Hello,
I would like to ask about exercise 3 - we unfreeze about 30 final layers of the base model. My question is, how does model2 know that base model has been partially unfrozen? Because when we run the model2 = alpaca model, it loads the base model again and chooses that it’s not trainable except the last layer. I guess my question is - when I write base_model = model2.layers[4] (so I access the base model from model2), that base model is just a reference to the model2.layers[4] and all the changes to it automatically transfer to model2? And when I then compile model2, it does not go through the alpaca_model (from ex 2) again? I am just a little confused as to how did model2 know about the unfreezing and how come that during the compilation, it does not go through the alpaca_model.
I hope this question makes sense :).
Another question - I am just a little surprised that the validation accuracy is basically always better (in the plot) than the training one. Isn’t it usually the otherway around? I understand we may have done some regularization steps not to overfit. But I would still expect better performance on training set (or not consistently lower) if the distribution of validation and training is the same (which I think it is).
Thanks!
Regarding your first question, you are correct. In fact, model2.layers[4] is essentially a reference to the base_model, as you mentioned. If you unfreeze the last 30 layers of the base_model, those changes will be reflected directly in model2, because model2 contains the base_model as one of its layers. I mean:
In Exercise 2, you created alpaca_model by stacking some custom layers on top of the base_model, where the entire base_model was frozen (non-trainable).
In Exercise 3, you partially unfreeze the last 30 layers of the samebase_model. Since model2 also contains this base model as a layer, any changes you make to base_model (such as unfreezing some layers) will also be reflected in model2.
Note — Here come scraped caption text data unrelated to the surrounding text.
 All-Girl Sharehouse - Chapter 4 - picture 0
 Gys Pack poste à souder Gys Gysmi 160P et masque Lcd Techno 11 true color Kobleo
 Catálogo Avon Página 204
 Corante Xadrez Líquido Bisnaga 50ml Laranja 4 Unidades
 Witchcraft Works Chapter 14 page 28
You don’t need to reload alpaca_model or go through it again when compiling model2. This is because when you define model2 = alpaca_model, you’re using the same base_model but only adjusting its trainability (i.e., unfreezing certain layers). The key is that model2 inherits the structure and weights of alpaca_model, but once you change the base_model (e.g., by unfreezing the last 30 layers), these changes are automatically propagated to model2.
So when you compilemodel2, it doesn’t “go through” the entire build process again, but instead reflects the current state of the layers (including the unfrozen part of the base model). The compilation step ensures that your loss function and optimizer are applied to the updated architecture and trainable layers.
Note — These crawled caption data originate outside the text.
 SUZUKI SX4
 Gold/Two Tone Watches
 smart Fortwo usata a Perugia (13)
Concerning your other question, this situation may seem counterintuitive at first because, as you noted, we often expect training accuracy to be higher than validation accuracy. However, validation accuracy can sometimes exceed training accuracy, especially when regularization, data augmentation, or dropout is present, and is typical for well-regularized models. Given the steps we’ve taken to avoid overfitting (e.g., freezing layers, regularization), this is to be expected to some degree.